This smacks of an age old BR style of thread where enthusiastic learner comes to the table for advice on a project they have in mind, followed by the more experienced members saying "Hey why make it so complicated. At the National, we just use blu tack... etc"

 

The issue is that in the first instance, the project is dreamed up by the learner to test themselves, while the latter group are simply concerned with getting shows on in a cheap and reliable manner. There has been plenty of sensible suggestions to the technical query, so I'll leave that.

 

To the OP, the "I would like to build one" is a perfectly valid reason for doing it. My question would be "Why does it have to be built for this show?"

 

If it's a question of funding, is the show budget really going to fund such a whim? Presumably, there are plenty of other things that the money/time could be directed at. In the production world, we all do big and small calculations all the time, namely: How much better will this make the show? Is is worth a piece of string or 60 man hours and half the Farnell inventory? Every show comes up with a different answer and I've worked on plenty of large tours where you can't help feeling that a certain £20,000 or all that additional crew could have been better deployed. But we do the mental calc, on using that extra bit of gaffa tape, right through to needing another 45 footer.

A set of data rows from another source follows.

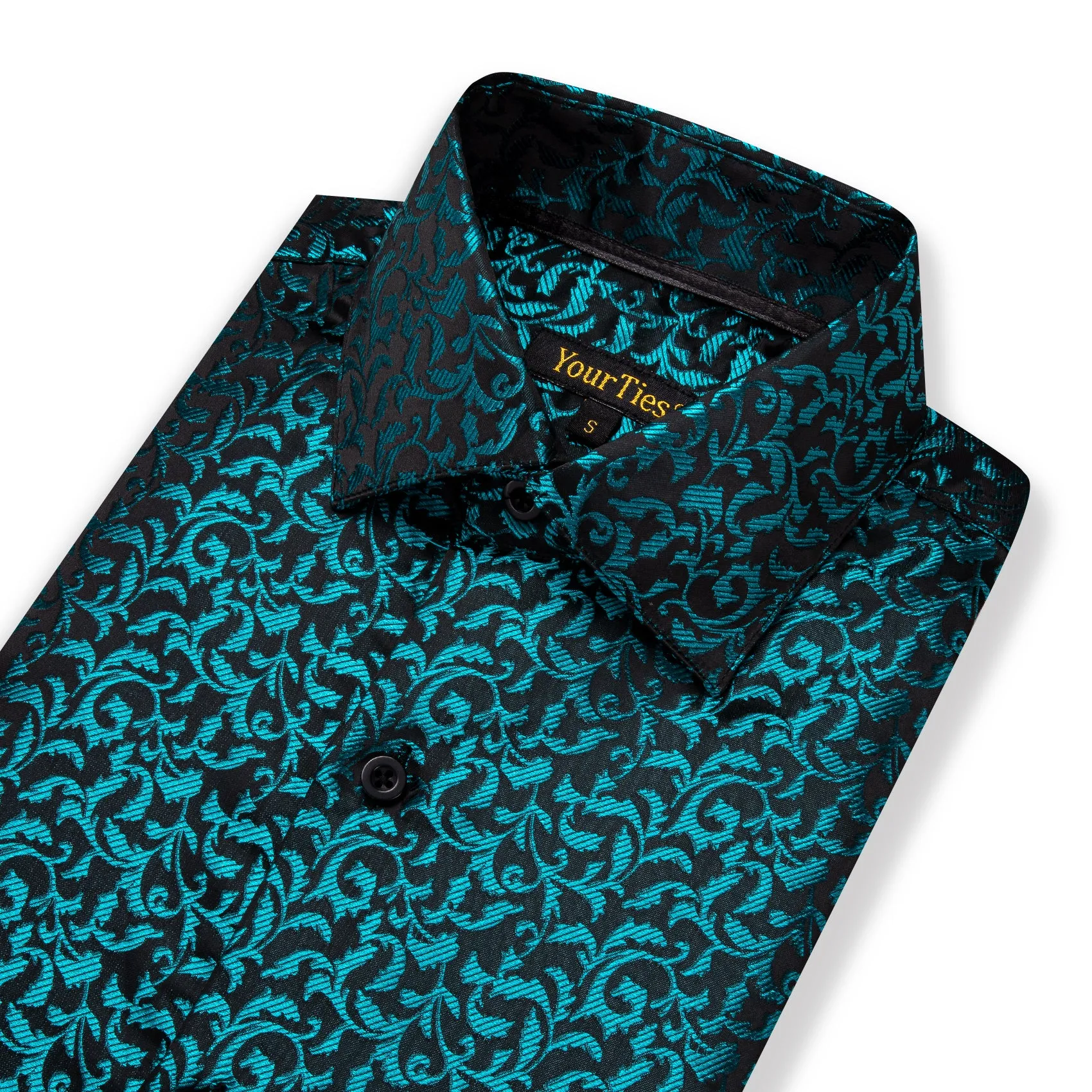 YourTies Teal Green Nile Blue Black Floral Leaf Mens Long Sleeve Shirt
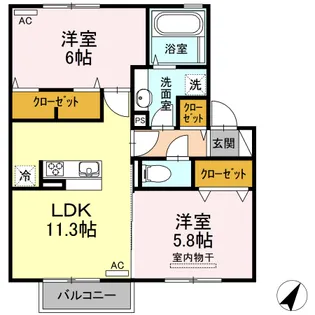 ヴィラージュ月出 B棟【2階】の間取り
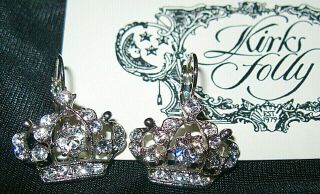 Kirks Folly Vintage/very Rare/signed " Crown Leverback Earrings In Silver - Tone "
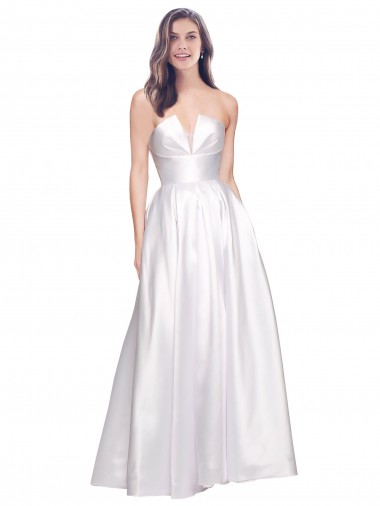 Best Sleeveless Low Back Long Strapless A-Line White Evening Dress UK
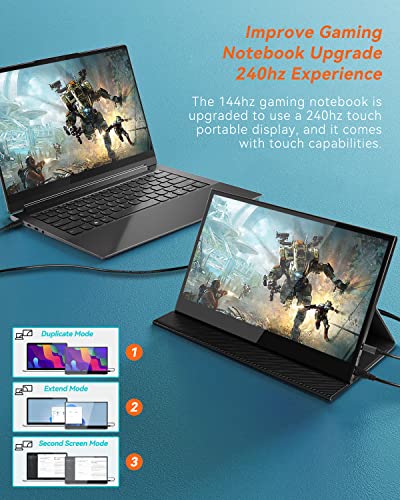 Casking 240Hz Portable Gaming Monitor, 15.6-Inch Fhd 1080P,High Refresh Rate Gaming Portable Monitor Touchscreen, Hdmi Usb C Portable Monitor For Ps5 Xbox Switch, Smart Case, Vesa Mount (T4 Game) #TOP1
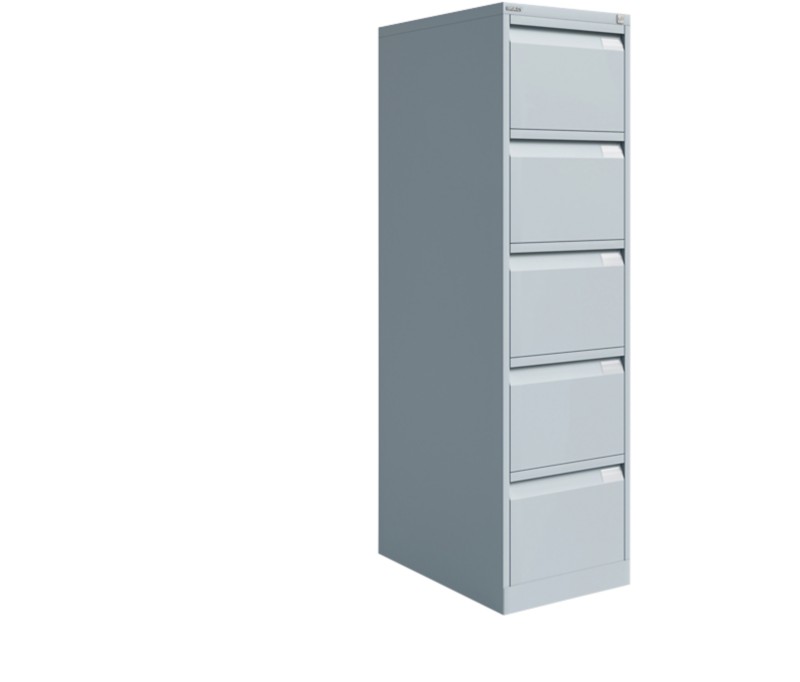 Bisley Metall-Hängeregistraturschrank 5 Schubladen 413 x 622 x 1.511 mm Hellgrau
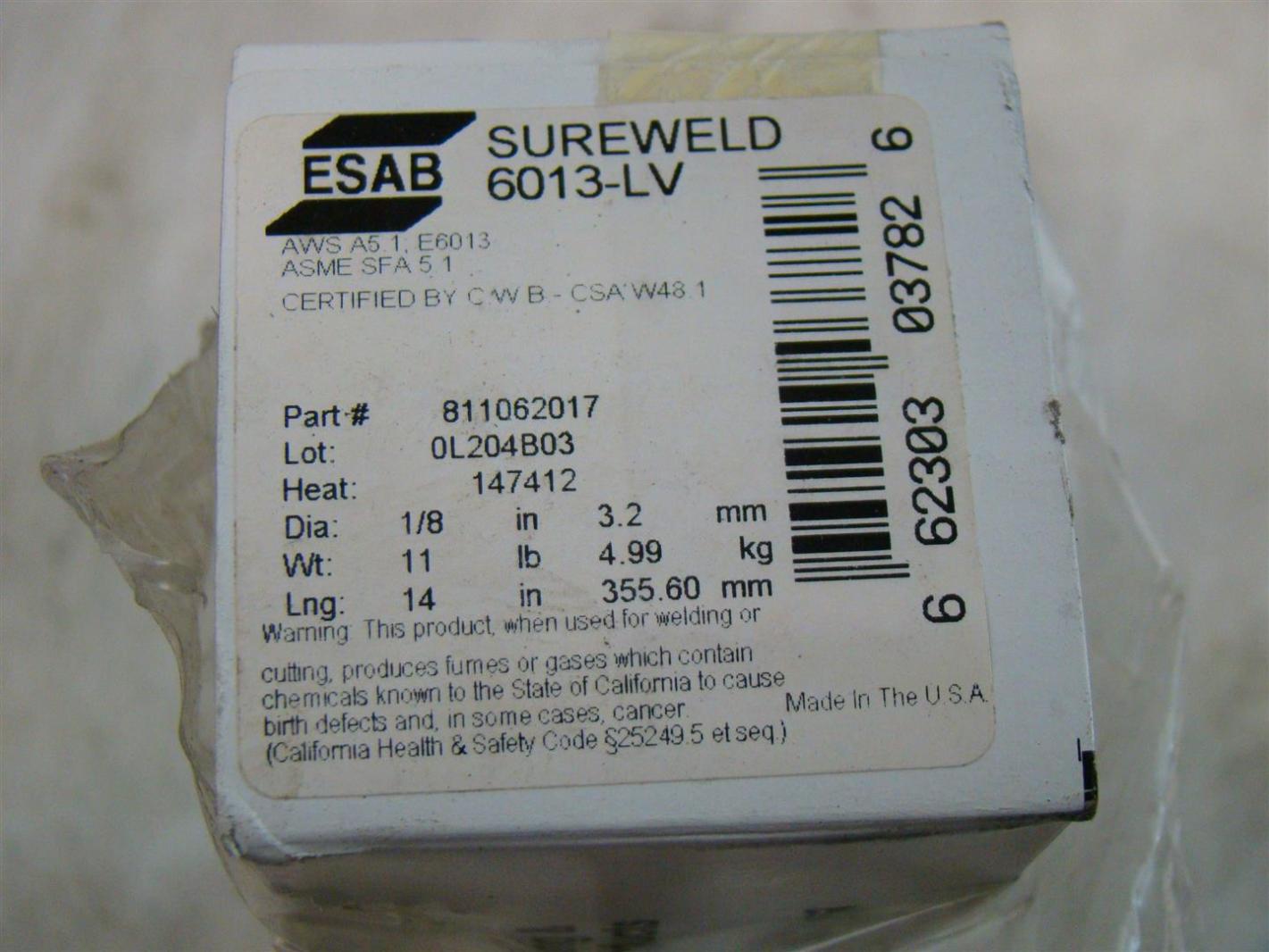 Esab Sureweld 6013 1/8" Welding Rod Electrodes 811062017 6013-LV ...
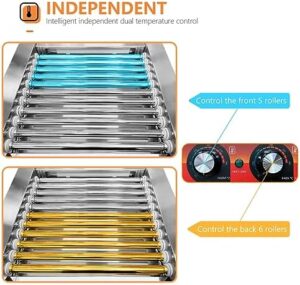 Mastering snack time with the Vexon 1670W Hot Dog Roller Grill, featuring 11 non-stick stainless steel rollers and a removable glass cover for convenient snacking at home or on-the-go. Hold up to 30 hot dogs!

How much better will this make the show?

 

The idea that such a drop box system would be a capital item (I.e would be worth the money/time because it may be used again) is pretty obscure in most show environments unless you were a hire company or a producing theatre with a space in the sub-stage LX storage cage. How many shows a year get put on using a fresnel? How many need an electricity controlled drop box?

 

But in an educational environment, we can add the cost/benefit of learning. Great. Ok, hang on, that dismisses the capital theory completely, as how will the next lot of learners learn if they don't need to make their own drop boxes?

 

So we are not sure about the cost/benefit to the show and we have written off the item as a capital project. We are left with the learning opportunity for the OP. What if there was a better learning opportunity? What if time would be better spent on, I dunno, the lighting design or the soundscape or painting the set or taking a few more hours over the focus? Perhaps that's all someone else's job and the OP is simply Head Of Drop, in which case they can be tempted to make it as complex as possible in order to make the role worthy of such a title.

 

If not, then perhaps the time/money would be better spent on something that makes the show better as a whole. Better posters or interval drinks if no one can come up with a production improvement.

 

None of this precludes learning, it's actually learning to pick your winners in amongst the many facets of making a great show. And if the OP still fancies having a bash at a DMX controlled drop box, no harm in that. I would just not hide that curiousity behind the the supposed needs of the show or the notion that it will provide a legacy of production kit.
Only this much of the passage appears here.